After working my way through yet more menus and a license agreement (with nothing narrated up to this point), I managed to get to a point where I could select my difficulty.

The difficulty screen was only navigable because I could use OCR, meaning I could read the tooltips for each difficulty. Selecting Custom then presented me with numerous choices which again could've been narrated, but OCR got me through with reasonable certainty as things were rendered mostly as plain text, including numerical values that tied to things like damage.

Eventually figuring out pressing X would take me to the next screen, I was presented with controls. Though some inputs were clear (like LT), most were not, meaning I still had to wing it and bumble my way through what buttons did what, which can be an unsettling prospect at the best of times.

Actually starting the game

After struggling to figure out what button to press or hold to start the game, I eventually managed it and was thrust into a cutscene that had no audio description, then a song began to play. Other than loving the catchy 80s-influenced rock/metal the game was throwing my way, I was clueless as to what to do next.

Initially I thought this was maybe some kind of opening credits sequence, but unfortunately OCR revealed that I might actually be in gameplay of some kind, though with no instructions (narrated or otherwise) that I could find as to how to proceed. After spending a couple of minutes pressing buttons without having any idea of what I was doing and then moving the left analogue stick, I eventually managed to trigger the next sequence (by sheer luck) and understood why there was no sound during the song; My character was wearing headphones (at least with the little information the game gave me, that was all I could get).

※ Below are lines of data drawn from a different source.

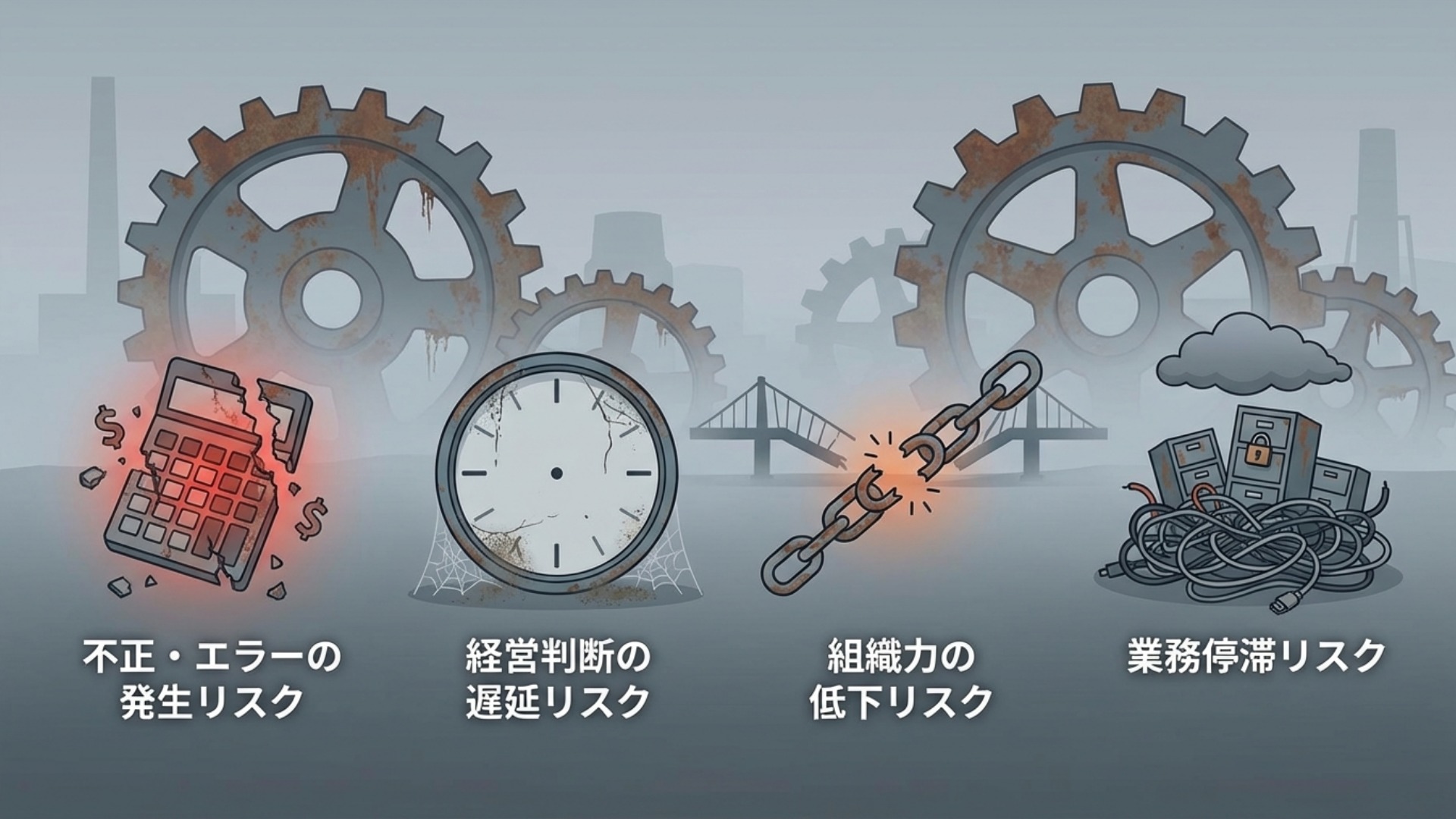 予算管理の属人化が引き起こす4つの経営リスク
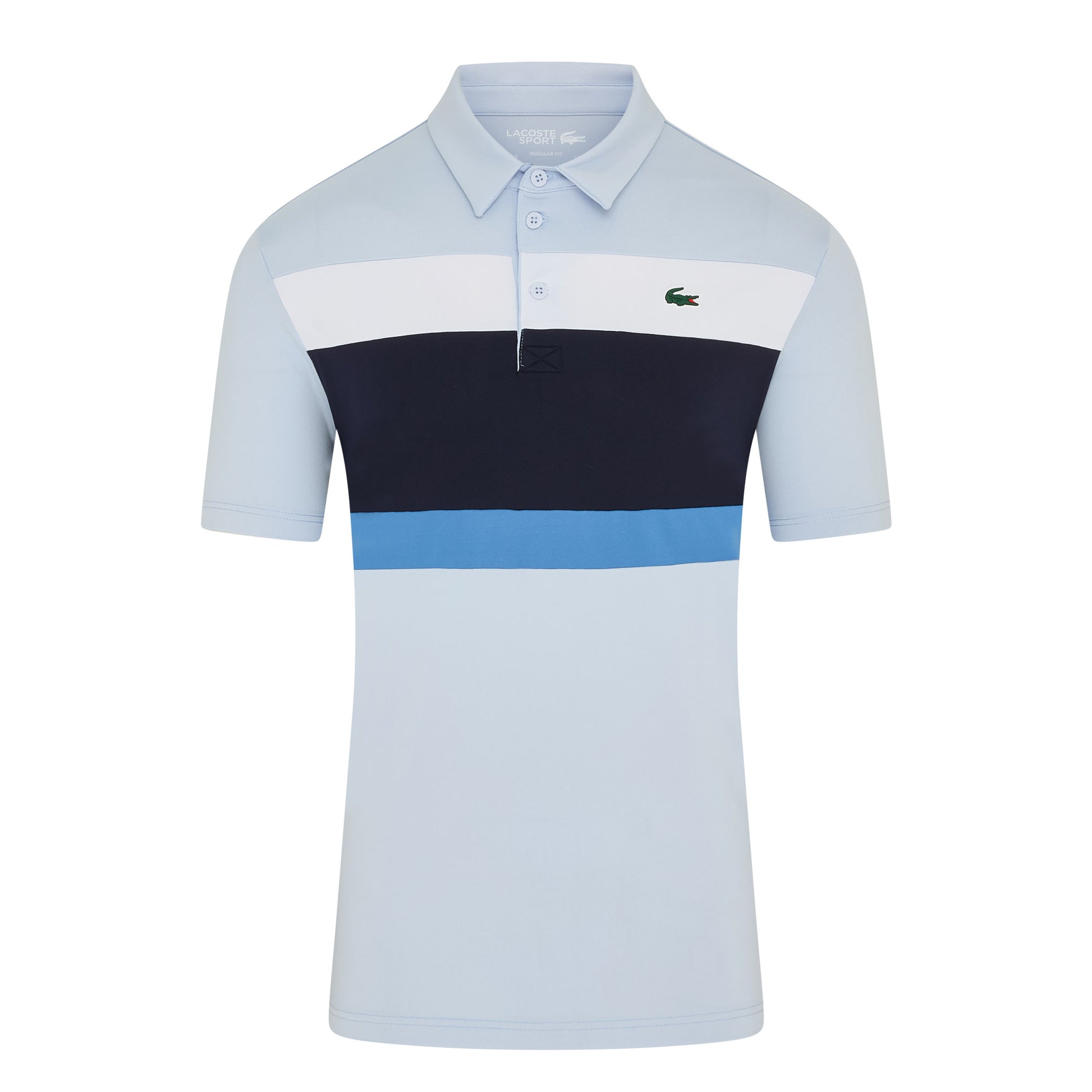 Lacoste Colour Block Golf Polo Shirt DH3182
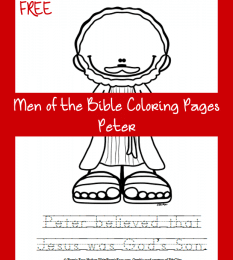 FREE Men of the Bible Peter Page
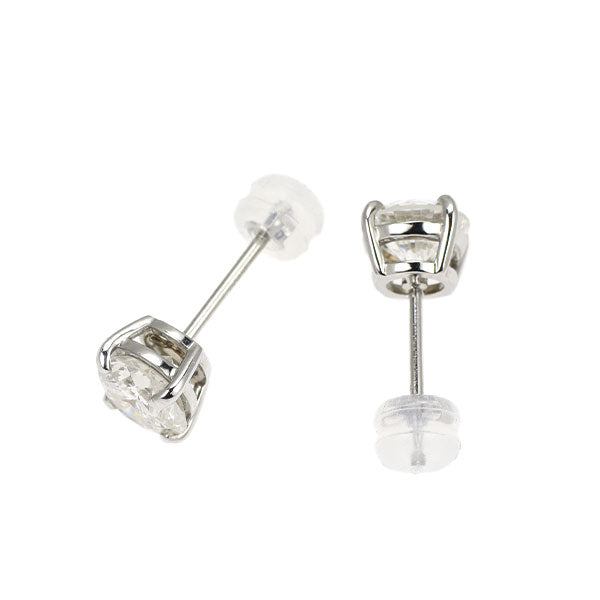 新品 Pt900 ダイヤモンド ピアス 2.538ct J I1 G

After that opening cutscene, however, I was completely stuck, with no way to progress forward, backwards, sideways or any other way with any reliability. All I got when trying to move around and pressing X was that something could be worth hundreds of dollars someday, with no sense of what the object in question actually was, where I'd found it, or even how to leave the room I was in and get to using space lasers to take down whatever threat stands in the way of Star Lord and his team.


As much as Marvel's Guardians of the Galaxy has been highly praised, as a gamer without sight, this is yet another entry in the "I'd love to play this butt would need someone to constantly assist me through it" category. Though I know they are totally separate entities, It still surprises me that, with all the accessibility in Marvel's streaming media (with audio description and subtitles etc), there haven't been any games that have managed to follow suit providing the same experience to gamers without sight and sighted players alike.

With accessibility becoming an increasingly prominent talking point in the videogame industry and developers realising just how impactful and financially worthwhile implementing it can be, I hope it's only a matter of time before I can save the universe from alien super threats, cosmic or otherwise, with absolutely no assistance whatsoever.

I'm definitely interested to see what accessibility features are added post-launch, as Square Enyx pointed out during their blog post. While retrofitting is not an ideal course of action, it's definitely better than nothing and any learning can be transferred into future projects.

Though I commend the efforts of the developers trying to add so many options into this title which can assist a great many people for differing reasons, I'm still left wondering not just by this game but others as well: "If games where you play as heroic or powerful characters are so common, why is it that whenever I step into one I'm left feeling so powerless?"